Reju Opens First North American Research and Development Center

Paris-based textile-to-textile regeneration company Reju has opened its first research and development facility in the United States. Located within engineering and construction firm Technip Energies’ advanced materials and catalysts research center in Conshohocken, Pa., the lab is designed to allow Reju to accelerate the deployment of its recycling technologies to develop circular solutions.

Reju’s core research team previously operating in IBM’s Almaden Research Center in San Jose, Calif., will relocate to the Pennsylvania location to work on the company’s Volcat depolymerization technology. That process uses a catalytic chemical recycling method to break down polyester into reusable raw materials and was first developed at the San Jose lab.

The Pennsylvania facility will focus on the full development process for Reju’s recycling technologies, from early-stage feasibility to kilo-scale production. The center will carry out a number of functions, including polyester recycling, mixed-fabric solutions and new circular chemistry pathways, which will allow Reju to accelerate the path from concept to industrial reality for its recycling technologies intended for use at future regeneration hubs.
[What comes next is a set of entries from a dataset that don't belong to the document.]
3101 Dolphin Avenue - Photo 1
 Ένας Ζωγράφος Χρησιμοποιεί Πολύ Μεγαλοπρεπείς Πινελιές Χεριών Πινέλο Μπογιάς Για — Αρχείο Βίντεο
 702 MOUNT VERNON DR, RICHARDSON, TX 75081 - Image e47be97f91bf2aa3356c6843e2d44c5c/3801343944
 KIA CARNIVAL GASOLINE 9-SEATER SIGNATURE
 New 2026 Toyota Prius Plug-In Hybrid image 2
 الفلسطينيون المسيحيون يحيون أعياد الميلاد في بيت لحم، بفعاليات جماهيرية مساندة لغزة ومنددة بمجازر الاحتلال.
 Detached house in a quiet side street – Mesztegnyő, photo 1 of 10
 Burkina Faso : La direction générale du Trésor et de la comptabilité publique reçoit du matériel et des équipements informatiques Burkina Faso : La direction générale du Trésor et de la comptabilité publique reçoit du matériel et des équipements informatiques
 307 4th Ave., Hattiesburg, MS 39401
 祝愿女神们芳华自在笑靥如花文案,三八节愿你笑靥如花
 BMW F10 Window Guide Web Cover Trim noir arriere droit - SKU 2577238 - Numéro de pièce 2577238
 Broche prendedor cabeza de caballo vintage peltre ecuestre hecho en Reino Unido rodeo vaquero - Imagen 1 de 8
Reju chose the location within Technip Energies’ center because it allows the recycler to tap into the technology and engineering firm’s decades of expertise in catalysis, process development, technology integration and industrial scaling. The company operates in more than 35 countries working in liquefied natural gas, hydrogen, ethylene, sustainable chemistry and CO2 management to help develop the circularity and decarbonization markets.

This new facility joins Reju’s growing global presence, which includes its first textile-to-textile Regeneration Hub in Frankfurt, Germany, as well as future hubs in the works in Sittard, Netherlands; Lacq, France; and Rochester, New York. Earlier this year, Reju secured a 135 million euro (approximately $156 million) investment for its Netherlands Regeneration Hub from the Netherlands’ Nationale Investeringsregeling Klimaatprojecten Industrie (NIKI) program.

“Together, these facilities form a replicable global circular infrastructure designed to turn today’s textile waste into tomorrow’s raw materials,” said Gregory Breyta, Reju’s director of research and development. “I am excited to be joining such an innovative company and to be part of the team moving the technology towards industrialization and supporting the infrastructure for true post-consumer textile-to-textile recycling at scale.”

Reju’s new facility announcement comes just a week after the recycler joined Recycling Europe’s textiles division. The partnership with Recycling Europe will offer Reju support in its efforts to scale textile-to-textile recycling in Europe and elsewhere.

Reju said the establishment of its research and development center in Pennsylvania plays a critical role in its broader strategy to build and scale a closed-loop recycling ecosystem that converts discarded apparel and textiles into new products.